This function performs an optimized multicast copy operation where a single global memory read can be distributed to multiple CTAs' shared memories simultaneously, reducing memory bandwidth usage. It supports both rank-1 and rank-2 tensors and uses cluster-level synchronization.
Notes:
- This operation is asynchronous - use appropriate memory barriers to ensure copy completion.
- Only supports rank-1 and rank-2 tensors.
- Requires NVIDIA GPU with TMA support.
- The memory barrier should be properly initialized before use.
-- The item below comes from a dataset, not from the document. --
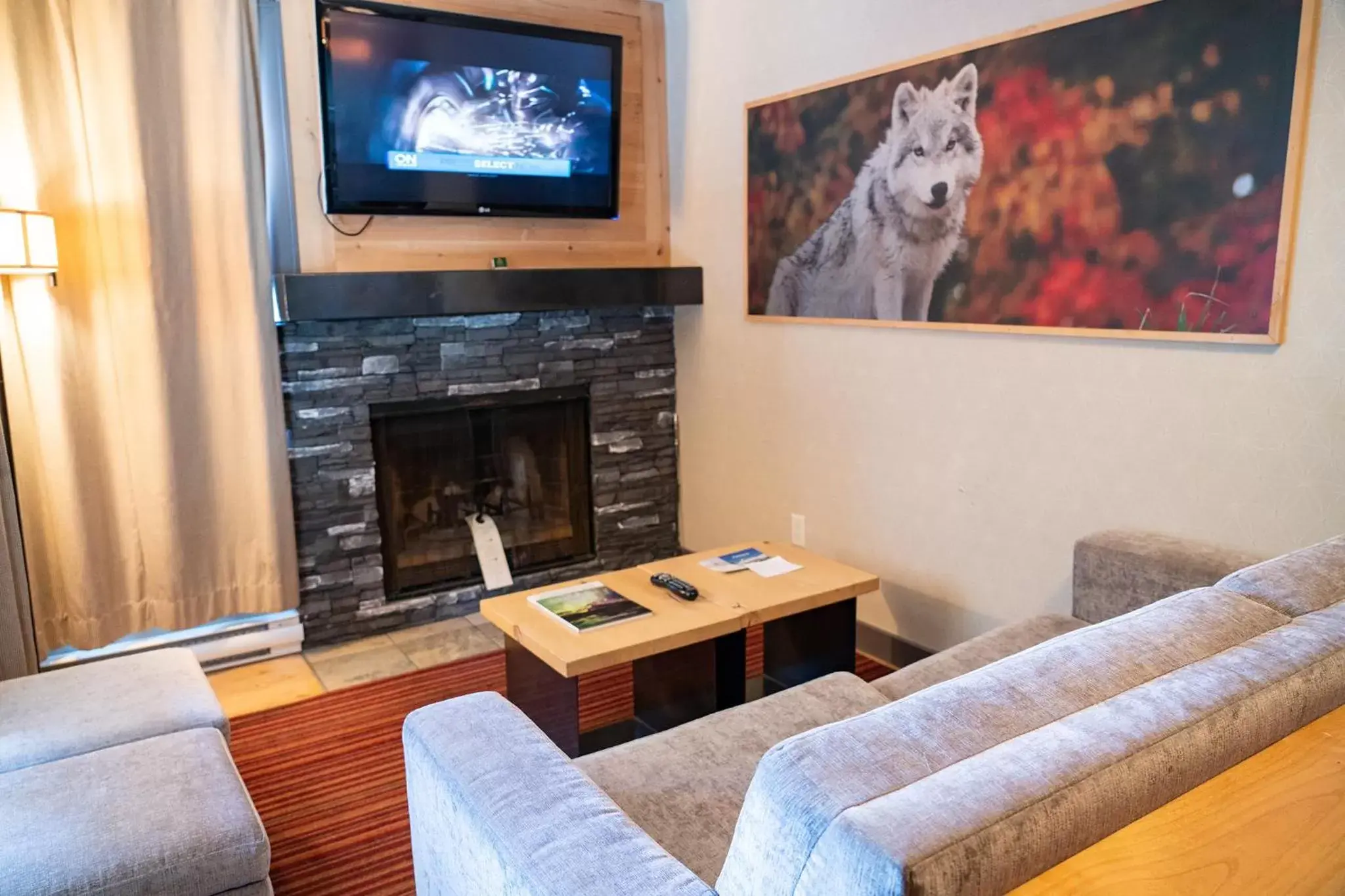 Living room, TV/Entertainment Center in Banff Rocky Mountain Resort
- The multicast_mask must be properly configured based on cluster size and desired distribution.
Parameters:
- dst_type (
AnyType): The data type of the destination tensor elements. - mbr_type (
AnyType): The data type of the memory barrier. - rank (
Int): The dimensionality of the tensor (must be 1 or 2). - cta_group (
Int): The CTA group to use for the copy operation. Must be 1 or 2.
Args:
- dst_mem (
UnsafePointer[dst_type, address_space=AddressSpace.SHARED]): Pointer to the destination in shared memory where the tensor data will be copied. Must be properly aligned according to TMA requirements. - tma_descriptor (
UnsafePointer[NoneType]): Pointer to the TMA descriptor containing metadata about tensor layout and memory access patterns. - mem_bar (
UnsafePointer[mbr_type, address_space=AddressSpace.SHARED]): Pointer to a shared memory barrier used for synchronizing the asynchronous copy operation across threads in the cluster. - coords (
IndexList[rank]): Coordinates specifying which tile of the tensor to copy. For rank-1 tensors, this is a single coordinate. For rank-2 tensors, this contains both row and column coordinates. - multicast_mask (
UInt16): A 16-bit bitmask where each bit corresponds to a CTA in the cluster. Set bits indicate which CTAs will receive a copy of the loaded data. This enables efficient data sharing across multiple CTAs.